> _INPUT_
---+---
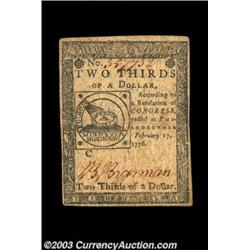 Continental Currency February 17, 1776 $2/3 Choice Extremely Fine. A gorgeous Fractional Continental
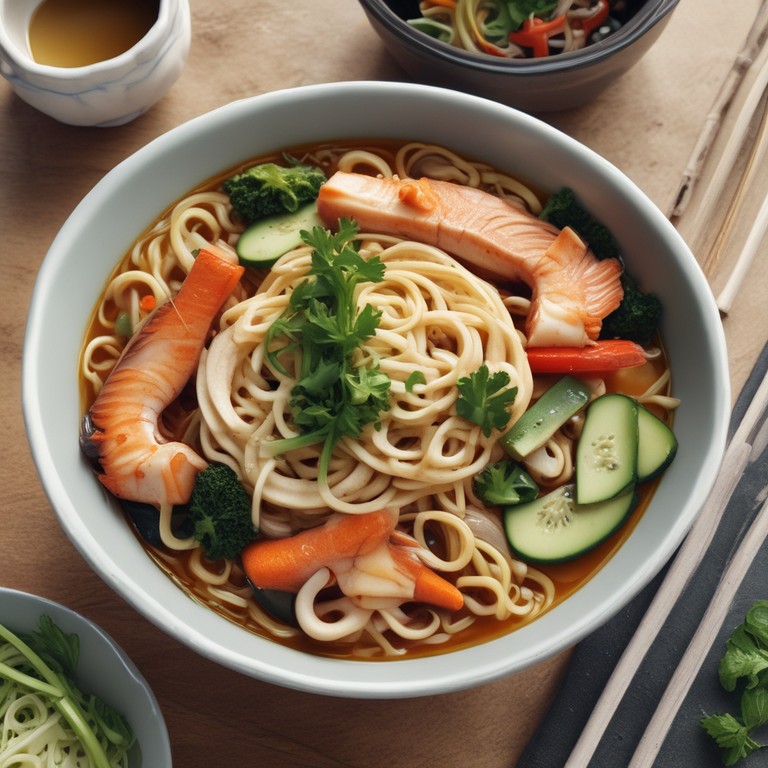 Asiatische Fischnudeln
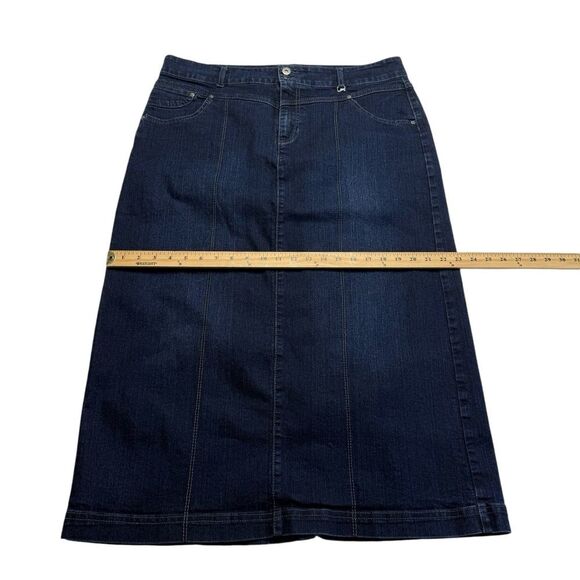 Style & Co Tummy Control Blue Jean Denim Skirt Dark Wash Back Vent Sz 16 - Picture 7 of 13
---+---
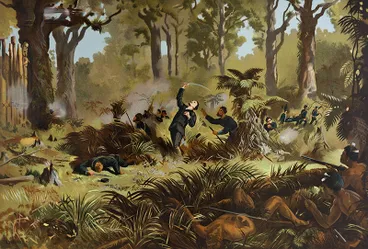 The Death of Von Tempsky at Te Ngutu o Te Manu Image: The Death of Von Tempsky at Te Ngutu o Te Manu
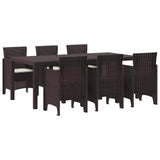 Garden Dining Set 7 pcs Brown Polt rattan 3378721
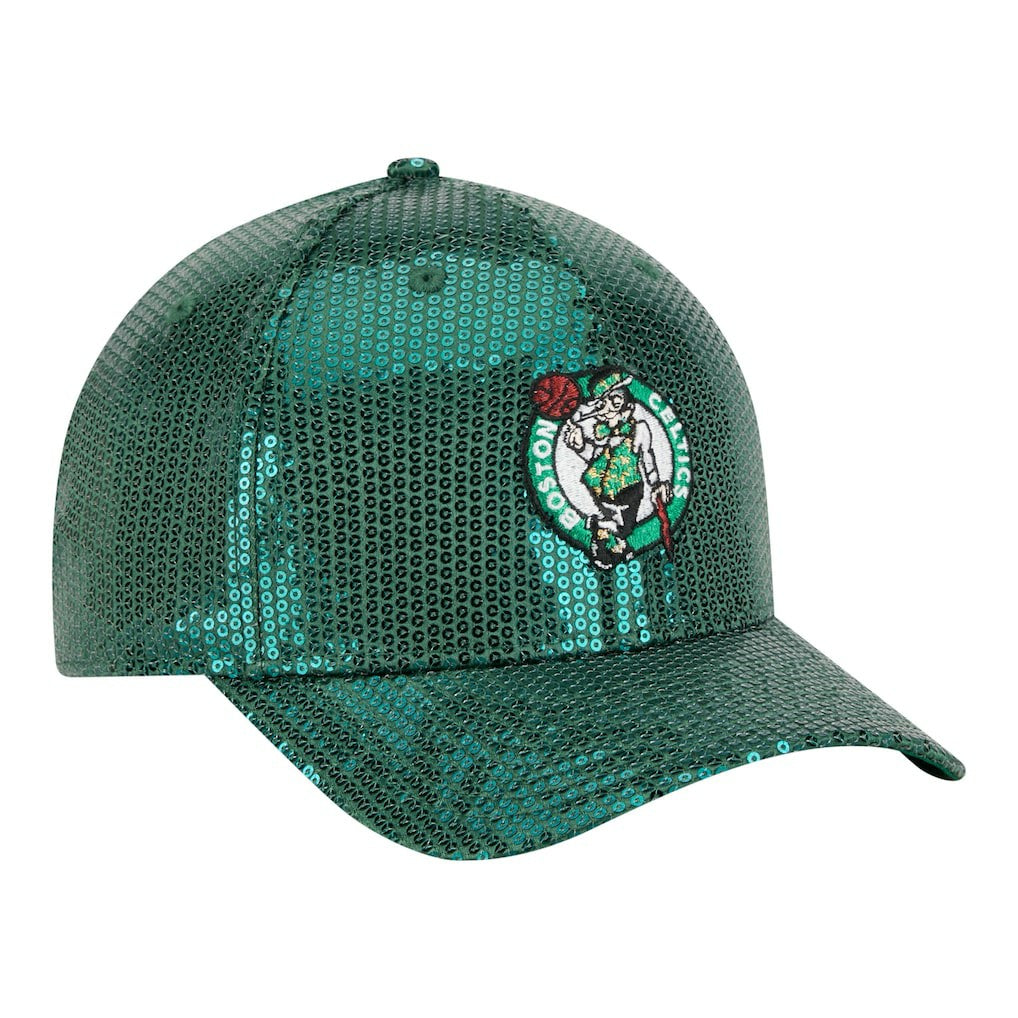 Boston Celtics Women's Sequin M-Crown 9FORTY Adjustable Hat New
---+---
> _TASK TO COMPLETE_
Leaving pictures out, output the lines of the data above from the one with "Asiatische Fischnudeln" through the one with "Style & Co Tummy", word for word.

> _WRITTEN REPLY_
 Asiatische Fischnudeln
 Style & Co Tummy Control Blue Jean Denim Skirt Dark Wash Back Vent Sz 16 - Picture 7 of 13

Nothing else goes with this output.